-- Task directions --
Copy out the data word for word, without any of its pictures.

-- Given records --
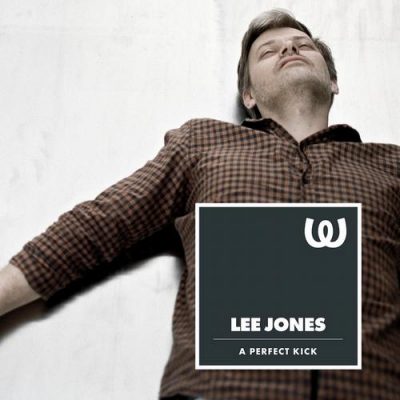 00-Lee Jones-A Perfect Kick WGVINYL012-2013--Feelmusic.cc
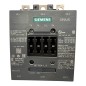 SIEMENS 3RT1054-1AF36 Contacteur de puissance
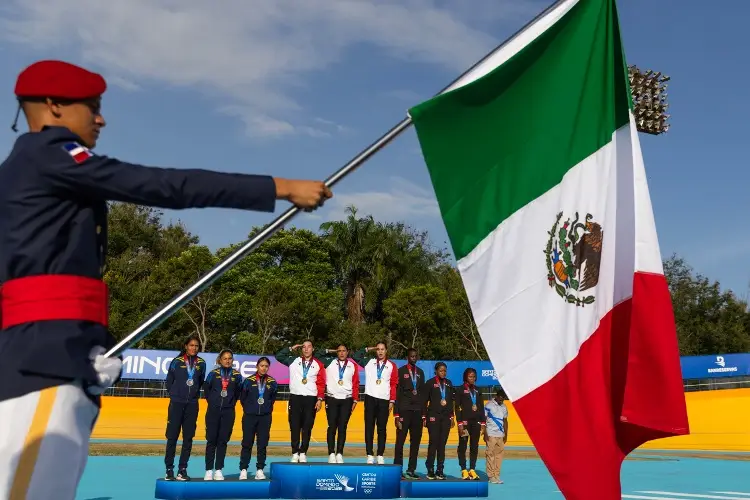 Deportes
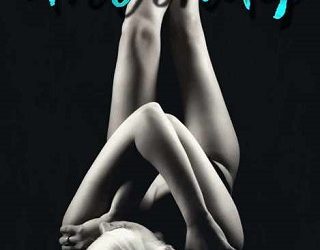 unworthy cassia brightmore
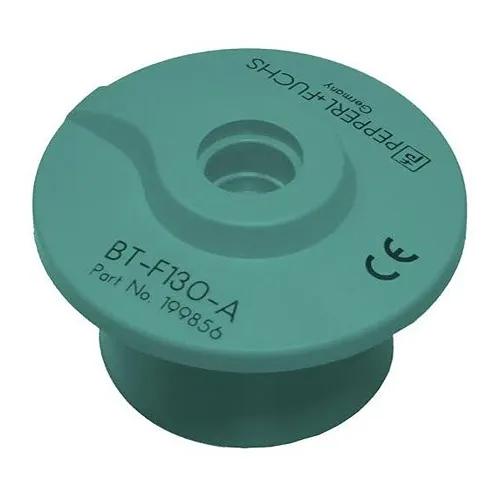 bt-f130-a PEPPERL+FUCHS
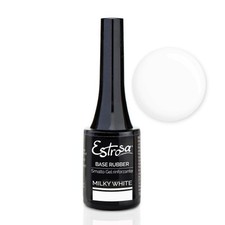 Smalto Semipermanente Base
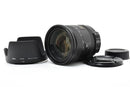 Nikon Lens (Zoom) Af-S Dx Nikkor 18-200Mm F3.5-5.6G Ed Vr Ii #2304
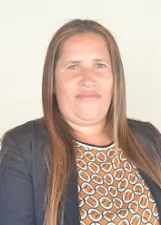 Samia Policia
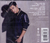 Cd Austin Mahone - The Secret - - comprar online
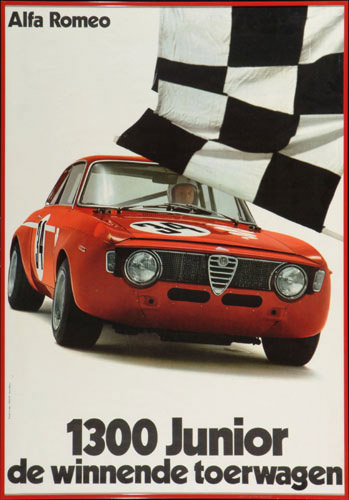 Alfa Romeo 1300 Junior 1970.jpg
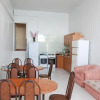 Гостиница Sochi Guest House в Сочи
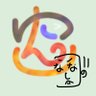 Profilbild von ゆた(んこ)/ななゴン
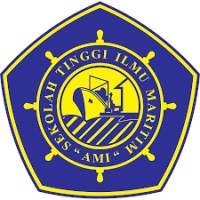 Sekolah Tinggi Ilmu Maritim 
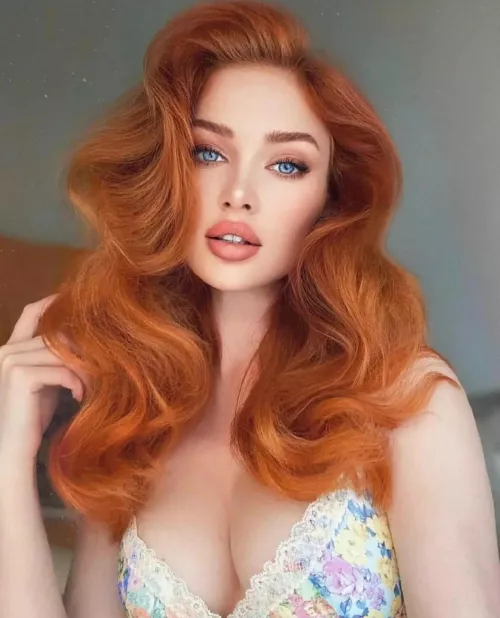 Just beautiful! by markramsey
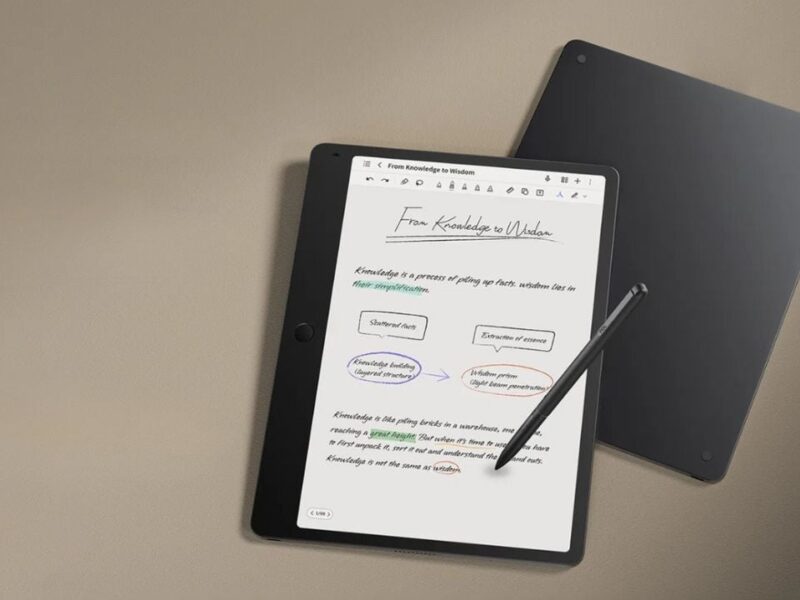 TCL-Note-A1-NxtPaper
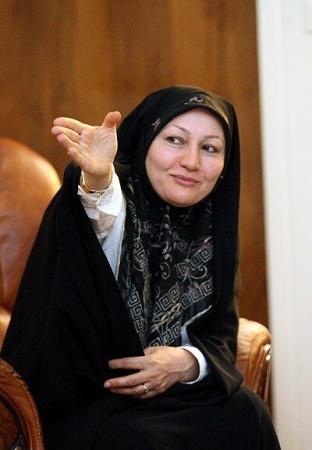 ماجرای تماس منافقین با همسر دانشمند شهید علی‌محمدی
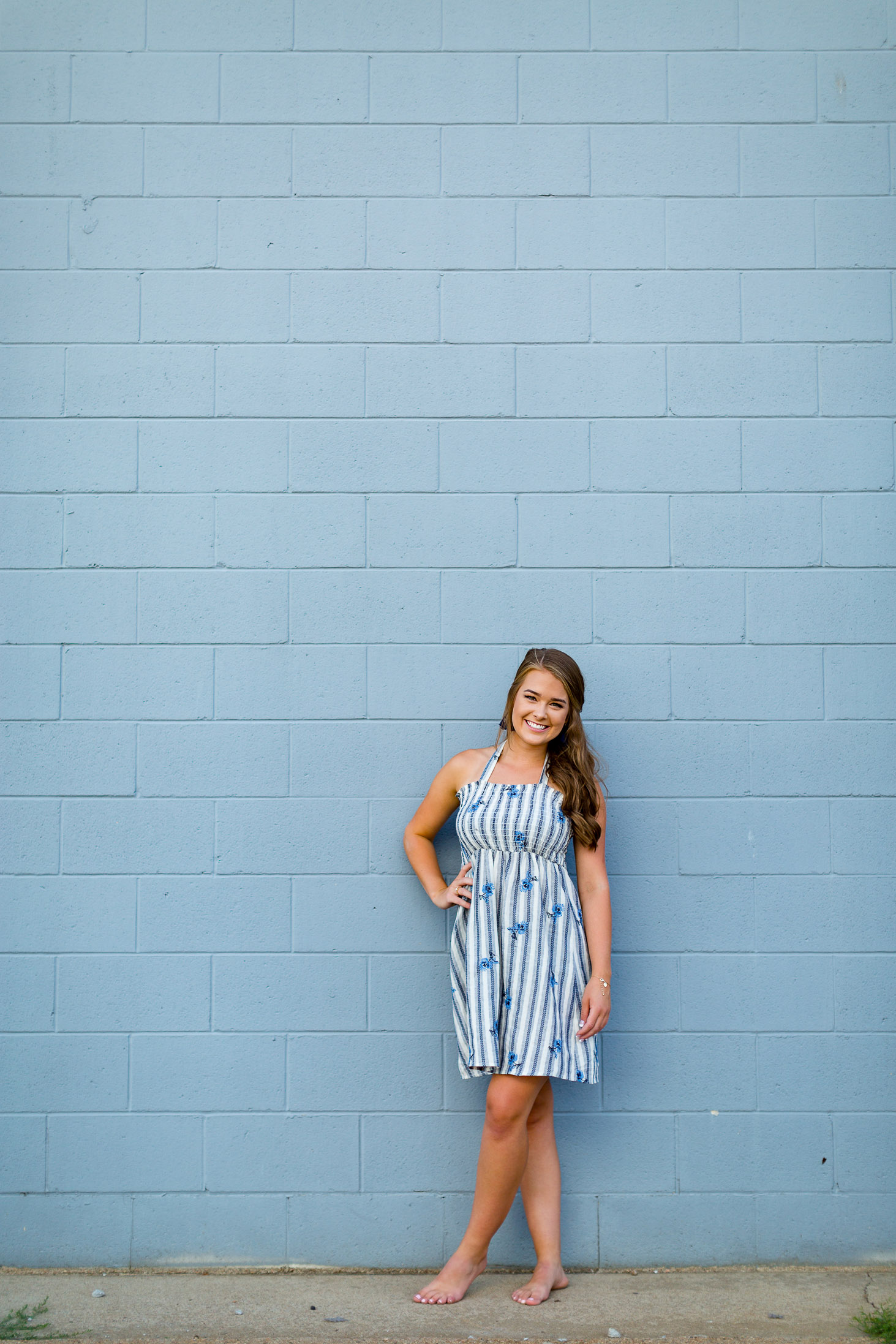 Senior-Photography-Nebraska-Casual-Clean-Kendall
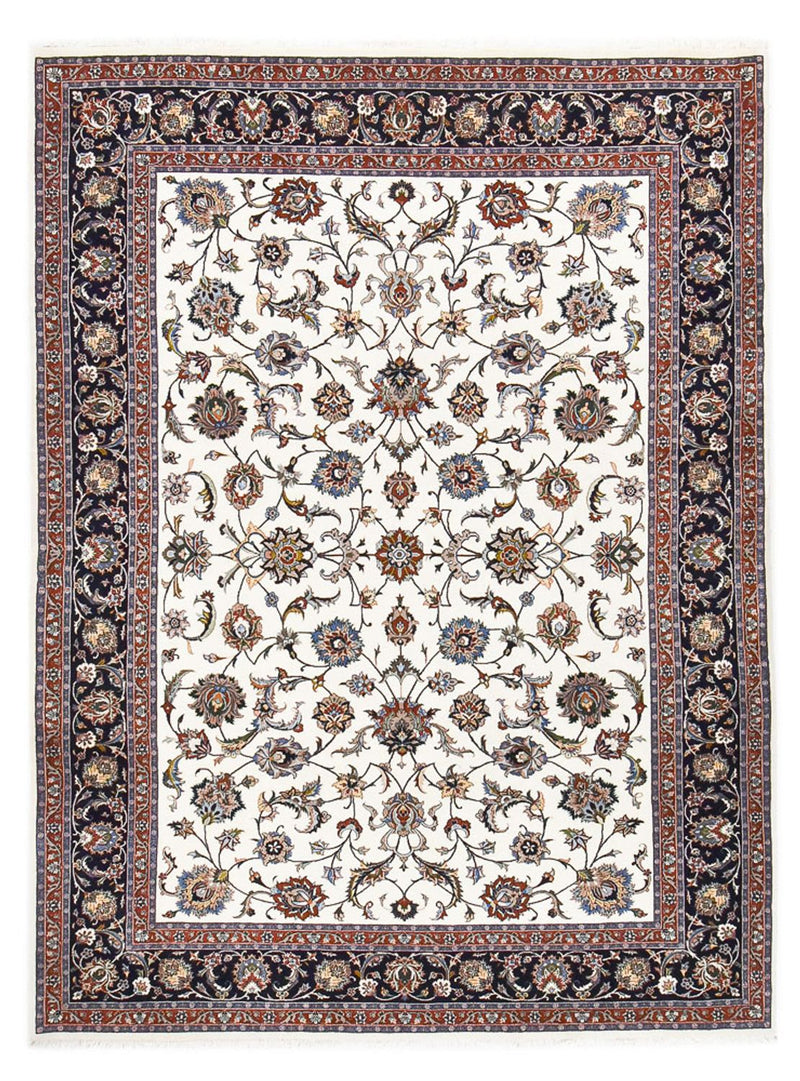 Mashhad Teppe 250x338cm - Persisk teppe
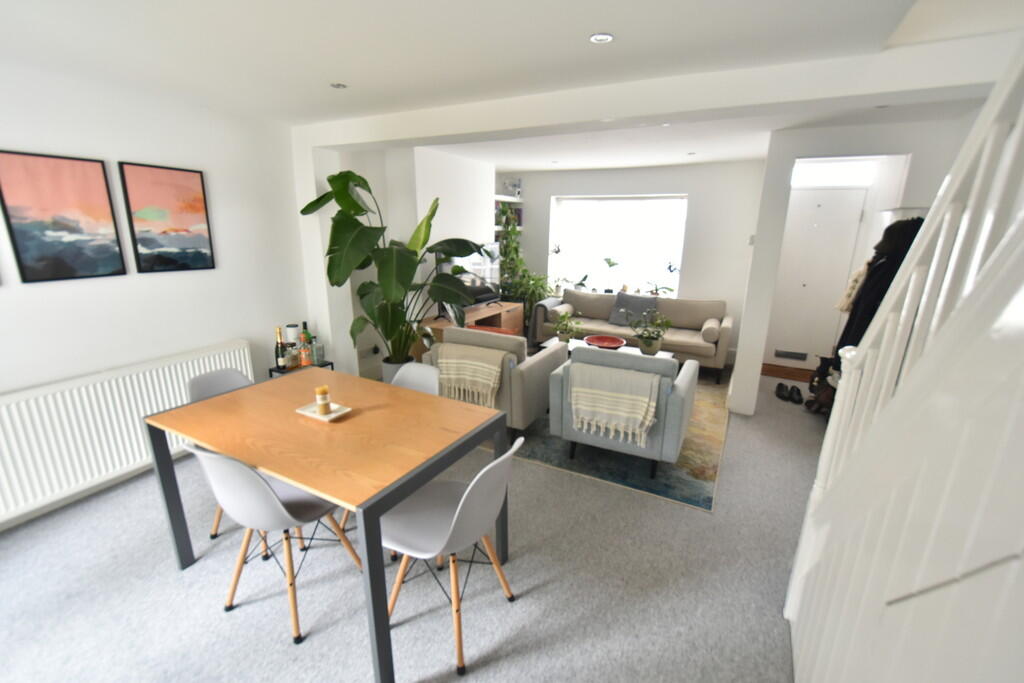 Additional image 8 of Cheltenham Place, Brighton
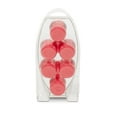 thumbnail image 2 of Yankee Candle Art in the Park- Wax Melt 2.6oz, 2 of 5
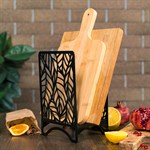 подставка для досок в подарок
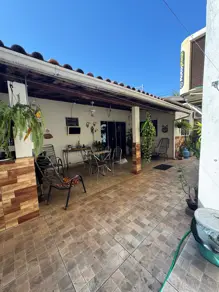 Imagem 6 - Prédio em Jardim Celeste, Cáceres - MT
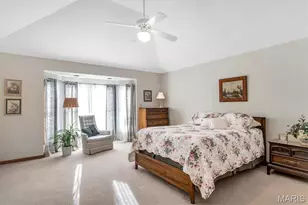 2075 Meaghan Ln, Pacific, MO 63069 - Photo 24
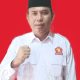 Fraksi Gerindra Tanggapi Empat Raperda Pemkab Katingan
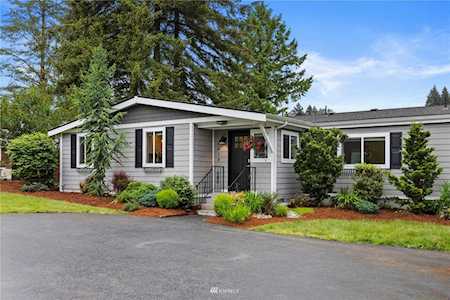 5413 Panther Lake Rd Snohomish, WA 98290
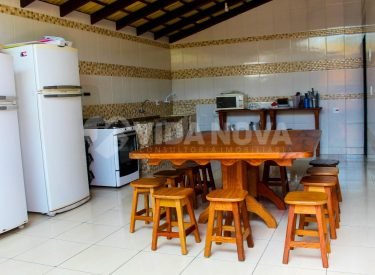 WhatsApp Image 2023-09-20 at 09.55.38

-- Solution to this exercise --
 00-Lee Jones-A Perfect Kick WGVINYL012-2013--Feelmusic.cc
 SIEMENS 3RT1054-1AF36 Contacteur de puissance
 Deportes
 unworthy cassia brightmore
 bt-f130-a PEPPERL+FUCHS
 Smalto Semipermanente Base
 Nikon Lens (Zoom) Af-S Dx Nikkor 18-200Mm F3.5-5.6G Ed Vr Ii #2304
 Samia Policia
 Cd Austin Mahone - The Secret - - comprar online
 Alfa Romeo 1300 Junior 1970.jpg
 Гостиница Sochi Guest House в Сочи
 Profilbild von ゆた(んこ)/ななゴン
 Sekolah Tinggi Ilmu Maritim 
 Just beautiful! by markramsey
 TCL-Note-A1-NxtPaper
 ماجرای تماس منافقین با همسر دانشمند شهید علی‌محمدی
 Senior-Photography-Nebraska-Casual-Clean-Kendall
 Mashhad Teppe 250x338cm - Persisk teppe
 Additional image 8 of Cheltenham Place, Brighton
 thumbnail image 2 of Yankee Candle Art in the Park- Wax Melt 2.6oz, 2 of 5
 подставка для досок в подарок
 Imagem 6 - Prédio em Jardim Celeste, Cáceres - MT
 2075 Meaghan Ln, Pacific, MO 63069 - Photo 24
 Fraksi Gerindra Tanggapi Empat Raperda Pemkab Katingan
 5413 Panther Lake Rd Snohomish, WA 98290
 WhatsApp Image 2023-09-20 at 09.55.38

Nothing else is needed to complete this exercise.